その瞬間を見計らって、俺はさらに言葉を重ねた。
「だが、どちらにも負ける気はしないということは言っておこう」
「!!??」
声にならない悲鳴が帝都支部に響く。
冒険者たちが一斉に俺の神経を疑うような視線を送ってくる。そして後ろからガタンという音が聞こえてきた。

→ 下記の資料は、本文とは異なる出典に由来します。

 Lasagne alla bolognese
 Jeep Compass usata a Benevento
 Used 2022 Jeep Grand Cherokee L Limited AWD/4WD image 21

見ればいつもの受付嬢が泡を吹いて倒れていた。どうやら近くで行われる会話に精神が持たなかったらしい。
ちょっと悪いことをしたな。
「おい……どうするんだ……」
「この状況でさらに挑発するなんて……馬鹿野郎が……」
「だからSS級冒険者なんて嫌いなんだよ……空気読めよ……」
冒険者たちは足を震わせながら支部の隅で固まる。
一方、オリヒメは目に見えて怒り顔で俺をにらんでいた。
「負ける気がしないとはどういうことだ!? 妾の結界は最高なのだぞ!」
「モンスターに破れるなら俺にも破れるだろうからな」
「へー、じゃあ私にはどうやって勝つ気かしら? 聖剣の威力を見てなかったのかしら?」
「当たらなければどうということはない」
こうして三人での睨みあいが発生する。
互いに一番は自分だと思っているため、退くということはない。
そんな緊張感の中、支部の前に大量の馬が到着した。
「ようやく来たか」
「遅れて申し訳ない。シルバー」
そう言って馬から降りたのはレオだった。
その後ろにはジークやリンフィアもいるし、近衛騎士たちもいる。
送れるだけの戦力を送る気だな。
「まさかとは思うが皇子が直々に行くのか?」
「もちろん。エルナが国境で戦う場合、国外の聖剣の使用許可を出せる皇族が必要だし、意図を説明できる大使も必要だ。僕はその点に関しては適任だからね」
「戦闘に関与する気はないということか」
「そうだね。僕らの役割はあくまで避難の間に合わなかった民の救出だ。モンスターの討伐は君らに任せるよ。足手まといにはならないようにする」
「……そういうことならいいだろう」
そう答えて俺は騎馬団が突入できる転移門を作り出す。
しかし、それを通る前に支部にいた冒険者たちが声を上げる。
「おい! シルバー! 一大事なら手を貸すぞ!」
「モンスター関連なら冒険者の出番だからな!」
それは頼もしい言葉だった。
なにせ霊亀が動き出した以上、周りのモンスターも血相変えて動き出す。
そういう意味でも戦力は欲しい。
だが、今回はその申し出を受けることはできない。
「嬉しい申し出だがやめておこう。今回は帝国としても威信をかけて止めなければならない問題だ。それを冒険者が掻っ攫っては皇帝陛下が不憫だからな。今回は彼らに手柄を譲ろう。まぁ……あまりに不甲斐ないならさっさと俺が片付けてしまうが」
「言ってなさい。あなたの出番なんてないわ」
「ではお手並み拝見といこうか」
そう言ってエルナが真っ先に転移門をくぐる。それに続けとばかりにレオが率いる騎馬団が突入した。
そして。
「では行くとしよう! 安心するがよい! 帝国の民だろうと民は民! 妾がすべて守ってみせよう! そして証明してやろう! 勇者より妾がすごいということを!」
「それは楽しみだ」
そう言って俺はオリヒメとともに転移門をくぐり、北部に移動したのだった。